**Requirement:**
Print nothing beyond the line with "איראן ריגול מרגלים אילוסטרציה": every line from the beginning of the data up to it, that line included, and no pictures.
________________________
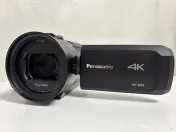 Camera video 4K - Panasonic HC-VX1 - 32x Zoom 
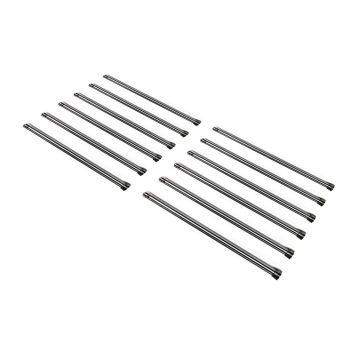 12Pcs Push Rod 264-6156 133-6379 for Caterpillar 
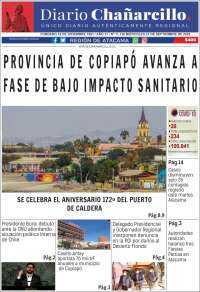 Diario Chañarcillo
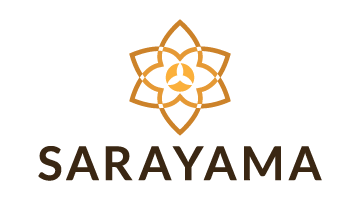 Logo for sarayama.com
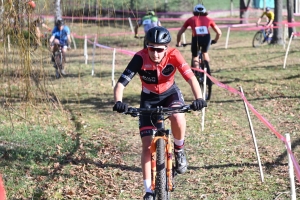 Cyclo-cross de Beauzac : les photos des adultes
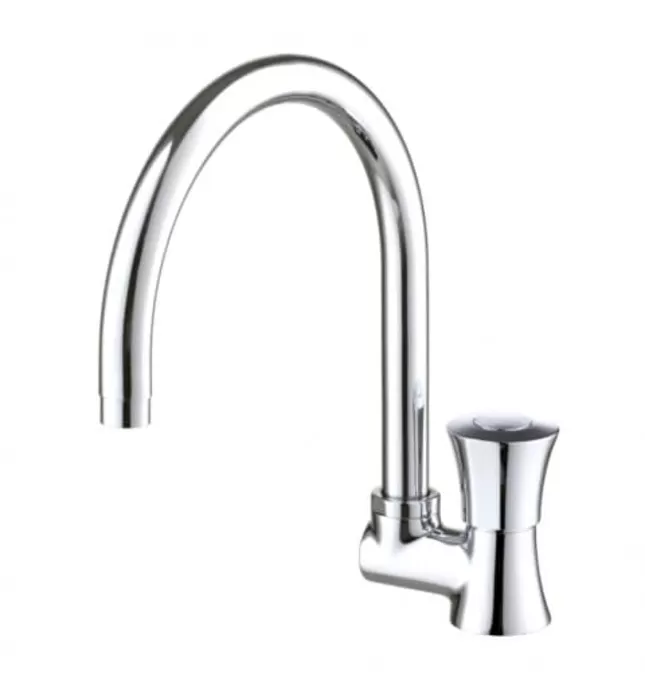 Vòi rửa bát lạnh gắn chậu COTTO CT1094C26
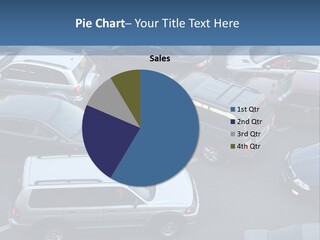 Row Emotional Road PowerPoint Template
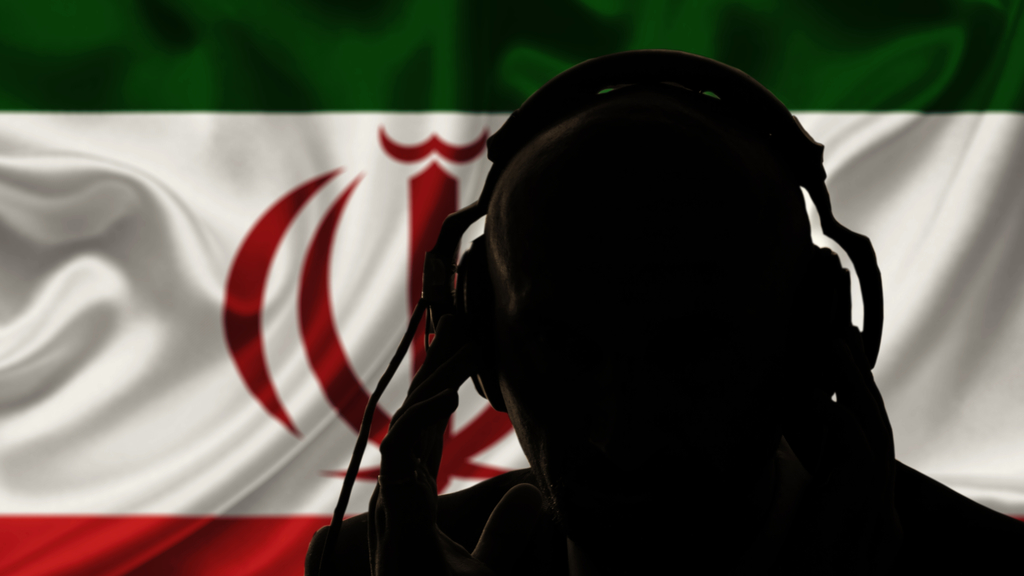 איראן ריגול מרגלים אילוסטרציה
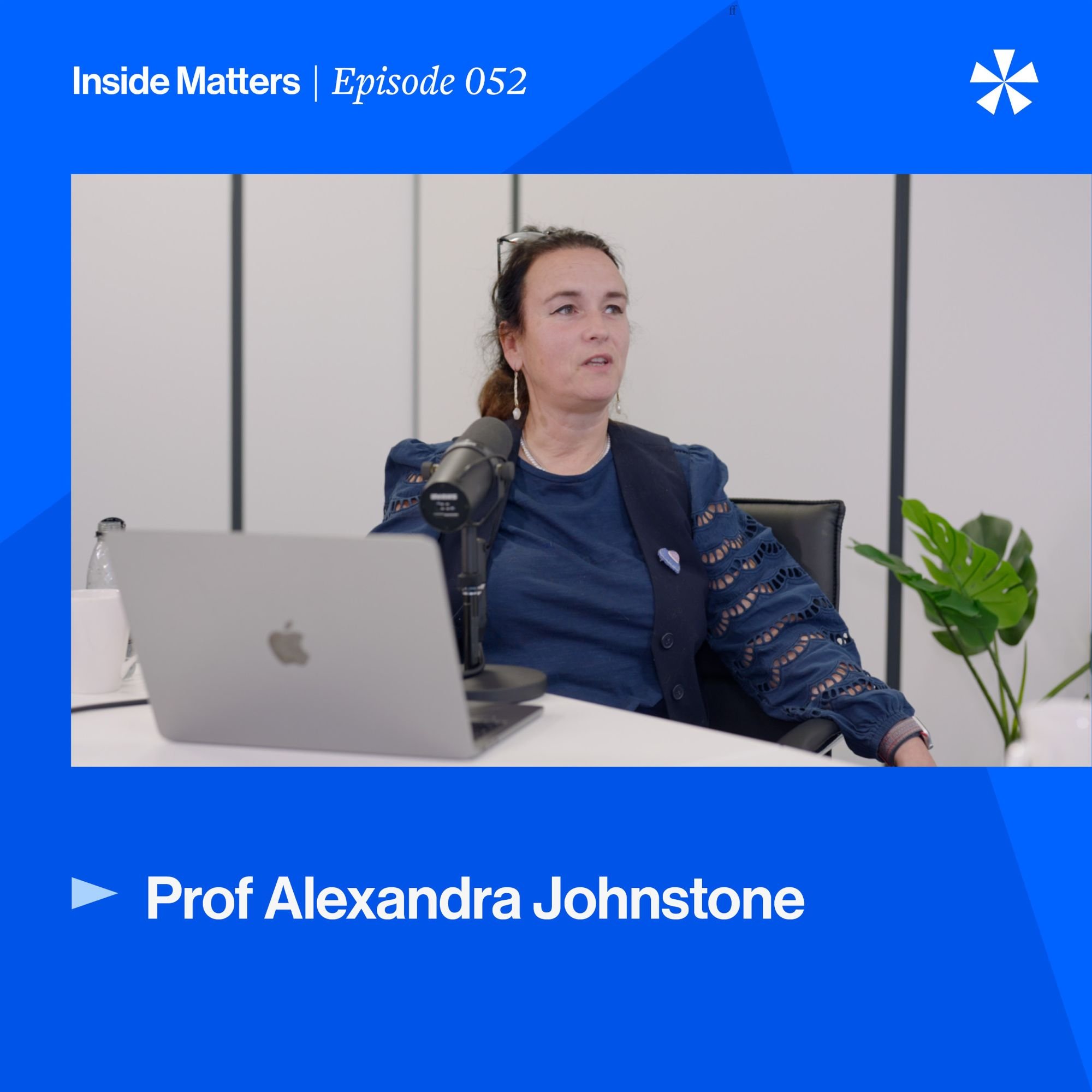 Why We Eat: The Science of Appetite, Nutrition and Weight - Prof Alexandra Johnstone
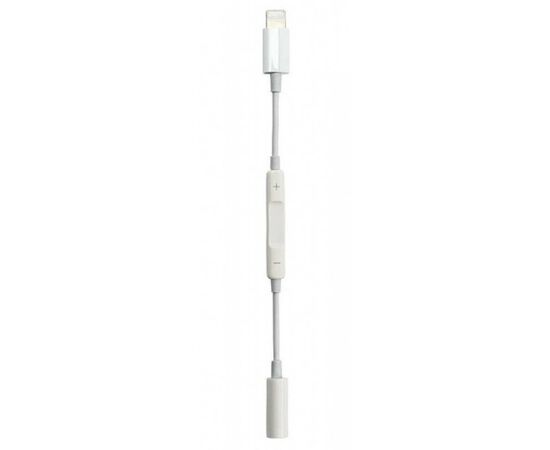 Переходник Lightning to 3.5 mm Jack XoKo (OPT-MH020), изображение 2 Переходник Lightning to 3.5 mm Jack XoKo (OPT-MH020), изображение 2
________________________
**Written answer:**
 Camera video 4K - Panasonic HC-VX1 - 32x Zoom 
 12Pcs Push Rod 264-6156 133-6379 for Caterpillar 
 Diario Chañarcillo
 Logo for sarayama.com
 Cyclo-cross de Beauzac : les photos des adultes
 Vòi rửa bát lạnh gắn chậu COTTO CT1094C26
 Row Emotional Road PowerPoint Template
 איראן ריגול מרגלים אילוסטרציה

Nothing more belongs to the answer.